Instructions to follow:
Locate the line that contains "VANDER LEE e" in the entries below, then repeat it and every following line through the line that contains "Dolce & Gabbana", exactly, and no others.

***** Materials provided

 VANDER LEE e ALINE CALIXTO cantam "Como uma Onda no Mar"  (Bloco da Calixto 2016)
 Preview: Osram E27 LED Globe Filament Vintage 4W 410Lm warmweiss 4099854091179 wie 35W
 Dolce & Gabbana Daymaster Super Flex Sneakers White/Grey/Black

**********
***** Materials provided

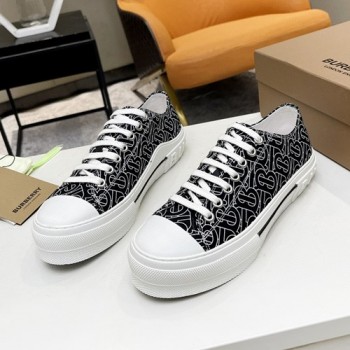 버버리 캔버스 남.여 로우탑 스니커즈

**********

Task response:
 VANDER LEE e ALINE CALIXTO cantam "Como uma Onda no Mar"  (Bloco da Calixto 2016)
 Preview: Osram E27 LED Globe Filament Vintage 4W 410Lm warmweiss 4099854091179 wie 35W
 Dolce & Gabbana Daymaster Super Flex Sneakers White/Grey/Black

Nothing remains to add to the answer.